Word for word, restate the lines of the material below from its first line through the one containing "How To Create Exit Sign Vector in Photoshop". Omit the rest.

START Supplied entries

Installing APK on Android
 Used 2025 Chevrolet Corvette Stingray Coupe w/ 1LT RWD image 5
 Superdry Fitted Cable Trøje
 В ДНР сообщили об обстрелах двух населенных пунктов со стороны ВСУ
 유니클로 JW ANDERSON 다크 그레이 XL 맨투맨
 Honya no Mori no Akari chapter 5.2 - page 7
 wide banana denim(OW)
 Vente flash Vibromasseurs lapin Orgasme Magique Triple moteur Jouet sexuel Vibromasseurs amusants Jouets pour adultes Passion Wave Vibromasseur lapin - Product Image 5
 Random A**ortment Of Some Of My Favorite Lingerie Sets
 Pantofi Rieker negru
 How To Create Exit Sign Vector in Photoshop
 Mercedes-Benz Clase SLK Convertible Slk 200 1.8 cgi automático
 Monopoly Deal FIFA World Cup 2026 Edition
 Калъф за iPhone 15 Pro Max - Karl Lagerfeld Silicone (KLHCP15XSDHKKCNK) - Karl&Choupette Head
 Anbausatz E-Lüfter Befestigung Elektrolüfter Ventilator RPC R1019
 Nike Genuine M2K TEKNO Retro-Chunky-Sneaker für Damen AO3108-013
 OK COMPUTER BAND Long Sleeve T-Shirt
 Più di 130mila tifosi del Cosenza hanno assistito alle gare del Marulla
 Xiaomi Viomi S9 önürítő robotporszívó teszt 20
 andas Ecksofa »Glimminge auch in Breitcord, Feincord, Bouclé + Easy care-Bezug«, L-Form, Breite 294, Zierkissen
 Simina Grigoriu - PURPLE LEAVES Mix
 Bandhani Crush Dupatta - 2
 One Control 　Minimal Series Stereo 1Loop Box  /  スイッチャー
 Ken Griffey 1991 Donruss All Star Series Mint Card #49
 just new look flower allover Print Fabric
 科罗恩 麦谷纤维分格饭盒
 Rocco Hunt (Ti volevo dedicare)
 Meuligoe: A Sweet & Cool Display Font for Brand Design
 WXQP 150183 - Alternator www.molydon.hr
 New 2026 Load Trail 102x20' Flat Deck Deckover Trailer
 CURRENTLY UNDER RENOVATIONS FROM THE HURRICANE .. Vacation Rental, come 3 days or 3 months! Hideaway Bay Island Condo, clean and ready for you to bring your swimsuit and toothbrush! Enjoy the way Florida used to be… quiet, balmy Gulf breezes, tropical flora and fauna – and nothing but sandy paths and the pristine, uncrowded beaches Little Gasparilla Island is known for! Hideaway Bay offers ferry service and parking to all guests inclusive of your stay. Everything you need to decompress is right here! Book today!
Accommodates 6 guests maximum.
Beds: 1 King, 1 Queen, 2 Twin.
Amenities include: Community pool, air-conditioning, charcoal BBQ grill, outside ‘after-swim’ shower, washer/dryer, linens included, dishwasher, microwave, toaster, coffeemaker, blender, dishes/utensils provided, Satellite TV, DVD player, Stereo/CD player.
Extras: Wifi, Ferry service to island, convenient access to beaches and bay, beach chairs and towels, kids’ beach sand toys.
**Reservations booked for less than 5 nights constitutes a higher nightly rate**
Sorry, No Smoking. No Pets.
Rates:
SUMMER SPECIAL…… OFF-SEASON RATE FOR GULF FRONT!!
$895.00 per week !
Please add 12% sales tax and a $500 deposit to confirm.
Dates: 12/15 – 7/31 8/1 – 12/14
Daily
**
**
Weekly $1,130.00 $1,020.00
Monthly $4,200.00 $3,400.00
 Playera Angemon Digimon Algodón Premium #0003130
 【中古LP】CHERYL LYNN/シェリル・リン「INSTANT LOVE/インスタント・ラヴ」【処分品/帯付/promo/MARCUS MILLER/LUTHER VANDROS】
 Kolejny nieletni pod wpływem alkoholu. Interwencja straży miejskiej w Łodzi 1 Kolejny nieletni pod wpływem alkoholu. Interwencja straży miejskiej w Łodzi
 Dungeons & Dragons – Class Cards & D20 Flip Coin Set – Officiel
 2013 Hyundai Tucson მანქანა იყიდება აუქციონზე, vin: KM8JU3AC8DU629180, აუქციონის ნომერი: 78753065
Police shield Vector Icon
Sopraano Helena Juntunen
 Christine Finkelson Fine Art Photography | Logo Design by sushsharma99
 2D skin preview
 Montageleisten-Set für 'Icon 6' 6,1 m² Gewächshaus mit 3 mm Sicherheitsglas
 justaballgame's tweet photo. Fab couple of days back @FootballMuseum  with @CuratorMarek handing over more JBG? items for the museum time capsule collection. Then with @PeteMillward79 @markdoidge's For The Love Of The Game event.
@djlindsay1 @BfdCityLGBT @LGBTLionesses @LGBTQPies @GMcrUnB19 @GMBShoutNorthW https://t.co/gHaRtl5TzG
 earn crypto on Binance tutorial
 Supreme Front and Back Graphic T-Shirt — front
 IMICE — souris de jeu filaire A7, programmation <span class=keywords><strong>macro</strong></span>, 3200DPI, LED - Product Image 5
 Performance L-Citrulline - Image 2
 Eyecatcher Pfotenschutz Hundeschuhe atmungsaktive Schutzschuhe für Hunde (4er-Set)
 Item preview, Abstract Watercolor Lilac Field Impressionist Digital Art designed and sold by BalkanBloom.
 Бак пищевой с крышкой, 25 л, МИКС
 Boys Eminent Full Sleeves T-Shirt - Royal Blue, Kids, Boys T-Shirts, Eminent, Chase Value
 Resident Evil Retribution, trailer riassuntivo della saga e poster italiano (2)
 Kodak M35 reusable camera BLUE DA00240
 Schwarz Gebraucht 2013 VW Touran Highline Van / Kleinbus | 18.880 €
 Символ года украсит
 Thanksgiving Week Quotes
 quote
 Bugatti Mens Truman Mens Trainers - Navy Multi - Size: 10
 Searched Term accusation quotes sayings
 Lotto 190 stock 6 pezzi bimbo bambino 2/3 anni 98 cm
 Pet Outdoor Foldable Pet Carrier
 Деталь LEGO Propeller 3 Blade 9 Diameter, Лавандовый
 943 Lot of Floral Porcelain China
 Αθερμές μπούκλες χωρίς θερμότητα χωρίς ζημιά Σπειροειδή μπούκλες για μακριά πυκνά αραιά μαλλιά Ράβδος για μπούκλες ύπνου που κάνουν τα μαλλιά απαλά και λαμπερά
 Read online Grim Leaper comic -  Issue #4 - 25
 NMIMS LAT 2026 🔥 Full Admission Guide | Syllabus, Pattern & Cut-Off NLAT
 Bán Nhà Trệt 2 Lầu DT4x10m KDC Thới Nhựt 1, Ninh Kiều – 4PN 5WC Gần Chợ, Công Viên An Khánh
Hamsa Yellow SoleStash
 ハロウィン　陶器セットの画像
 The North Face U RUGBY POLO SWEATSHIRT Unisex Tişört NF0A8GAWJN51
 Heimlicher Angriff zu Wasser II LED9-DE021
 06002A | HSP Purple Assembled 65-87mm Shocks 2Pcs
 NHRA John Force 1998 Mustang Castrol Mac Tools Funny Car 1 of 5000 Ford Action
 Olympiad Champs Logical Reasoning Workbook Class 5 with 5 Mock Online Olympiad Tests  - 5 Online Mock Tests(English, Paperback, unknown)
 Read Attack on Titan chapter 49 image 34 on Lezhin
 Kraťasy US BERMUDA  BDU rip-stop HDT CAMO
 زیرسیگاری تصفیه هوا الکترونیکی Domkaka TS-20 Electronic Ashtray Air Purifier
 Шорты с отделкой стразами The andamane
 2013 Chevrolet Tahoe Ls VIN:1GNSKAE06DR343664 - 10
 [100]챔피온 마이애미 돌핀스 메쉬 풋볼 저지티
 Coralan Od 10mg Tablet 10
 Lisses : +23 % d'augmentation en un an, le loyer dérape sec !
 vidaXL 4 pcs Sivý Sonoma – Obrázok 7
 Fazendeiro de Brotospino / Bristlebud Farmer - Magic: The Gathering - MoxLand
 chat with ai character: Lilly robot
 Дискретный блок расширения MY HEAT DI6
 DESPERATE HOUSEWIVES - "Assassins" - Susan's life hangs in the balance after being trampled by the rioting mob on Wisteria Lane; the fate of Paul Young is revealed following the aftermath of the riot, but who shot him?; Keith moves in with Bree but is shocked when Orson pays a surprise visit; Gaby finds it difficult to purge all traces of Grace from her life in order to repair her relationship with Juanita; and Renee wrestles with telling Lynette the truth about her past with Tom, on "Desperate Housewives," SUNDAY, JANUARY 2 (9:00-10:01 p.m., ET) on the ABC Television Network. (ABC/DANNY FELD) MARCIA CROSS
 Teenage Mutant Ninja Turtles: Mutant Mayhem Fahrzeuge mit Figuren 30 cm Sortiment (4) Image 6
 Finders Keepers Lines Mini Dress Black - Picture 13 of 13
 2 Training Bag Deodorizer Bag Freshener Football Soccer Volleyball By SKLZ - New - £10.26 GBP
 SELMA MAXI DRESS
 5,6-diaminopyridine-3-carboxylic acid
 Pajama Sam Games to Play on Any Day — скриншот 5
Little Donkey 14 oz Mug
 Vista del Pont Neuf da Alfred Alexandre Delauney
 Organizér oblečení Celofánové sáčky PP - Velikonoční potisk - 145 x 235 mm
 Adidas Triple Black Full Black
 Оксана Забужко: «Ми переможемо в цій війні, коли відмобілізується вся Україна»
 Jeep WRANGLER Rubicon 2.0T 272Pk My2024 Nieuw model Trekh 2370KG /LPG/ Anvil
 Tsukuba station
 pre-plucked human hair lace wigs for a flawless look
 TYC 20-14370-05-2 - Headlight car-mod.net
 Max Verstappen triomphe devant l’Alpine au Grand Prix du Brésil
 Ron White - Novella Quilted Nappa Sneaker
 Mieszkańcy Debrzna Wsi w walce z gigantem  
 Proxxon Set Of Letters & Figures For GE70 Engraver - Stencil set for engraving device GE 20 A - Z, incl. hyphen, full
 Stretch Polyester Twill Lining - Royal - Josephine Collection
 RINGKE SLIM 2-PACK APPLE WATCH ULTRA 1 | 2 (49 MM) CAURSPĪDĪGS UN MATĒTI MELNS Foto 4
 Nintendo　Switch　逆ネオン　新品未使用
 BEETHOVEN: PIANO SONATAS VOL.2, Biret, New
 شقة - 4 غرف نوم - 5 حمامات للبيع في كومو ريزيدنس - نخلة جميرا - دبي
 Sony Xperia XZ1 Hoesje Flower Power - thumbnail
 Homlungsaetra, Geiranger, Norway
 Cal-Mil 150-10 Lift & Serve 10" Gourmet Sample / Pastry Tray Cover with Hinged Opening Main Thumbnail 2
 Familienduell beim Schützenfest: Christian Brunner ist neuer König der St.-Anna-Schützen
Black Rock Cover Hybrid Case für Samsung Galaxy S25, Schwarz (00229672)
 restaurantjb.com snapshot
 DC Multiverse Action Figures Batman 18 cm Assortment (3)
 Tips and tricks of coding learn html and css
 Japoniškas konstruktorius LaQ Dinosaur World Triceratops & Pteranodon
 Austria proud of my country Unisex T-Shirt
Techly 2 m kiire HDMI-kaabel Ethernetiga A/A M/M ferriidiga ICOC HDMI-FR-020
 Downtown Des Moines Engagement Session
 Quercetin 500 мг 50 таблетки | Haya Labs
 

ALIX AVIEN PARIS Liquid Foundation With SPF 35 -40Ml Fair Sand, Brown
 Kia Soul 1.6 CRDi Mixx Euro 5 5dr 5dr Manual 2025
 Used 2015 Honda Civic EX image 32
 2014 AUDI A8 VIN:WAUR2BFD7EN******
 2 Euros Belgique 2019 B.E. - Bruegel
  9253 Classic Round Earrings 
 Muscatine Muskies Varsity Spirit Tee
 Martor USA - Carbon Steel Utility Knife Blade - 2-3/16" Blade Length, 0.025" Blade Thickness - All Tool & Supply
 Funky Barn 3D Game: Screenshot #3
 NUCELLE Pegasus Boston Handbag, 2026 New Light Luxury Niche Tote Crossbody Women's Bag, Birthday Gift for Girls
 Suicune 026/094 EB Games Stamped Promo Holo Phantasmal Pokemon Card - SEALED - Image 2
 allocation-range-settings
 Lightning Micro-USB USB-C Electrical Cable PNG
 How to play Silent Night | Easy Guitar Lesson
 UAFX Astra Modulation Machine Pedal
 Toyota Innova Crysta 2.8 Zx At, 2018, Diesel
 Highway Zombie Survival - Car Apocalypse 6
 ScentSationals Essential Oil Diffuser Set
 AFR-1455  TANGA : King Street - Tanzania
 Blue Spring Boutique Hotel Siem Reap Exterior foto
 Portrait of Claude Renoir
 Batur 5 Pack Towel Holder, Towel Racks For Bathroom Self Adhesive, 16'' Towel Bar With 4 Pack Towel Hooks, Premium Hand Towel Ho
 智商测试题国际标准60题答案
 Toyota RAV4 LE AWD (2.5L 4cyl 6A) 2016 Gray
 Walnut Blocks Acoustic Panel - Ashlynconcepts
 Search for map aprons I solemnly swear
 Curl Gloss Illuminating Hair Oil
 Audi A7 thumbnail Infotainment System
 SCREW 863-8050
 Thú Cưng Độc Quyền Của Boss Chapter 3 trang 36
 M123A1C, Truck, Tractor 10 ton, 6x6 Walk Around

END Supplied entries

* Exercise response
Installing APK on Android
 Used 2025 Chevrolet Corvette Stingray Coupe w/ 1LT RWD image 5
 Superdry Fitted Cable Trøje
 В ДНР сообщили об обстрелах двух населенных пунктов со стороны ВСУ
 유니클로 JW ANDERSON 다크 그레이 XL 맨투맨
 Honya no Mori no Akari chapter 5.2 - page 7
 wide banana denim(OW)
 Vente flash Vibromasseurs lapin Orgasme Magique Triple moteur Jouet sexuel Vibromasseurs amusants Jouets pour adultes Passion Wave Vibromasseur lapin - Product Image 5
 Random A**ortment Of Some Of My Favorite Lingerie Sets
 Pantofi Rieker negru
 How To Create Exit Sign Vector in Photoshop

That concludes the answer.